Como veio um artista argentino desaguar ao Alentejo? Posso dizer que eu não fui ao Alentejo, mas sim que o Alentejo invadiu a minha pessoa. O início foi entre 1994 e 1995, trabalhando no Conservatório Regional do Baixo Alentejo [CRBA], que funcionava na Casa da Cultura. Em 1995 ganhei o concurso para dirigir a Orquestra Clássica da Madeira, e, até 2001, permaneci na pérola do Atlântico, afastado da planície dourada. Entre 2005 e 2019 não só lecionei no CRBA, como também tentei abrir portas à cultura, dando conferências em diversos locais.
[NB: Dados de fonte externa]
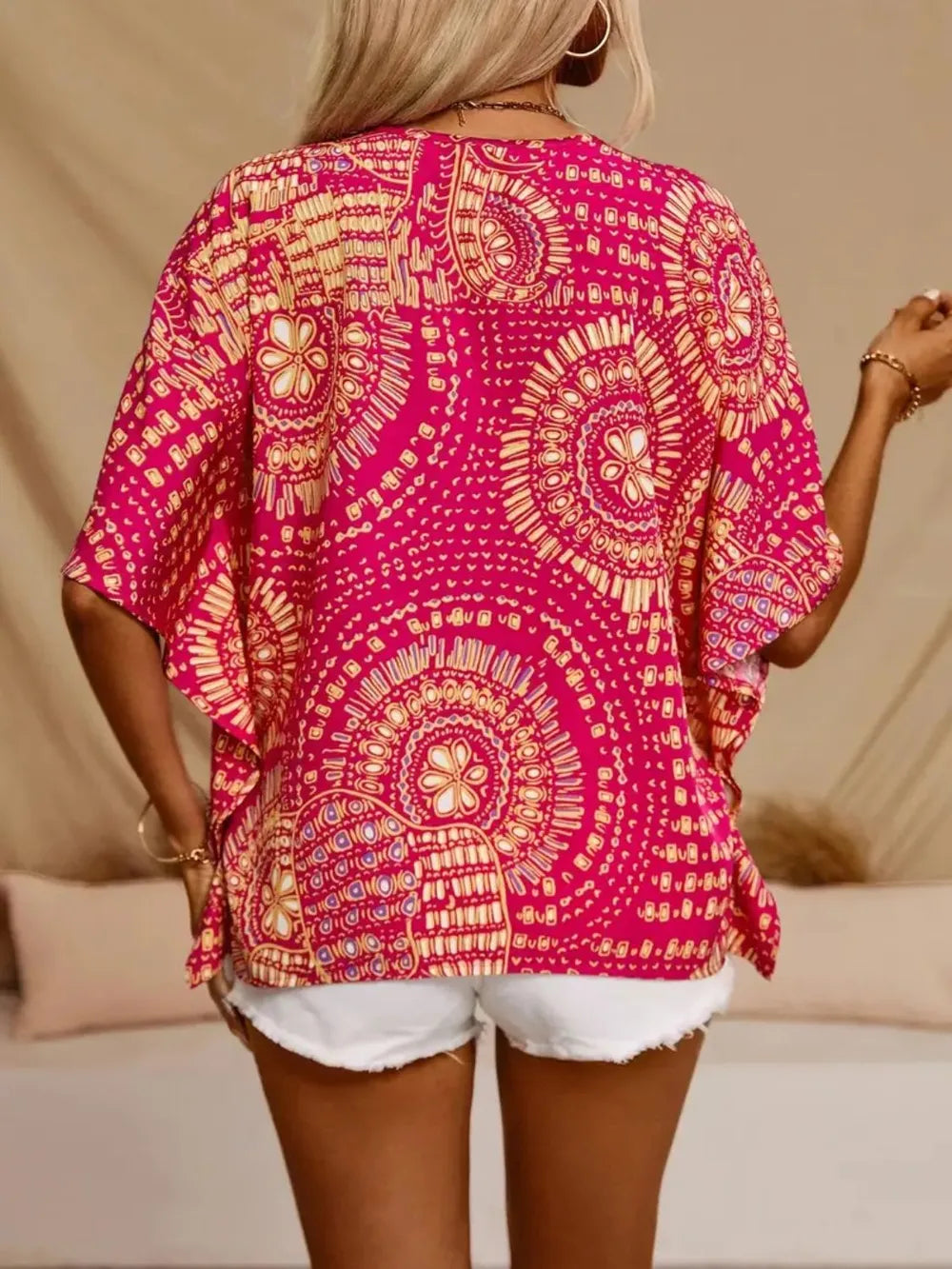 Women's printed V-neck half sleeve casual top by Plush Fashion Hub, featuring soft stretch fabric and a stylish office blouse design.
Em Beja nasceu a minha filha, em Beja fomos felizes, em Beja temos muito amigos.

 

E porque partiu o artista argentino do Alentejo? Dois motivos principais: a educação musical da minha filha, que segundo a minha humilde opinião, tem talento, ia estar comprometida se ficássemos na capital do maior distrito do país; e os desafios que me impunha o CRBA começaram a ser cada vez menos apelativos. Saí à procura de novas “aventuras”. E acabámos rumando a Norte, onde hoje a Maria Helena está a ter uma educação musical de excelência e gratuita. E eu voltei a uma casa que me impõe uma dinâmica de trabalho muito apelativa.

 

Quais os sonhos artísticos do maestro Roberto Pérez? Chegar com saúde e esperança de vida ao momento da minha aposentadoria, ver crescer e acompanhar o percurso de vida e musical da minha filha e viver feliz ao lado da minha esposa. Tudo isto já é uma arte. Viver é uma arte.

 

O que está na manga? Um dia de cada vez. Hoje acabei uma série de 13 peças para piano baseadas no folclore do Ribatejo. Amanhã verei se começo algo relacionado com o Algarve, e assim preencherei a região que falta. Em janeiro escrevi três pequenas óperas para crianças. Quando a coisa acalmar, gostava de escrever algumas memórias boas do meu percurso em Portugal. Tenho 63 anos e penso que isto acontecerá daqui a uns sete outonos. E nessa altura vou colher os frutos das minhas árvores.